▸ Assigned task: Could you reproduce all of the entries below without a single change?
** Given entries follows **
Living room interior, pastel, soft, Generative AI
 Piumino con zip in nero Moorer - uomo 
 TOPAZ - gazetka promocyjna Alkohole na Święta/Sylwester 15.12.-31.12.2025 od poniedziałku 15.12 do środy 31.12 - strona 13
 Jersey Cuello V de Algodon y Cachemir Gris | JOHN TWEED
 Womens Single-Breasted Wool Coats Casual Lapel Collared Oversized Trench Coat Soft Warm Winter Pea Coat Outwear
** End of Given entries **
▸ Completed exercise:
Living room interior, pastel, soft, Generative AI
 Piumino con zip in nero Moorer - uomo 
 TOPAZ - gazetka promocyjna Alkohole na Święta/Sylwester 15.12.-31.12.2025 od poniedziałku 15.12 do środy 31.12 - strona 13
 Jersey Cuello V de Algodon y Cachemir Gris | JOHN TWEED
 Womens Single-Breasted Wool Coats Casual Lapel Collared Oversized Trench Coat Soft Warm Winter Pea Coat Outwear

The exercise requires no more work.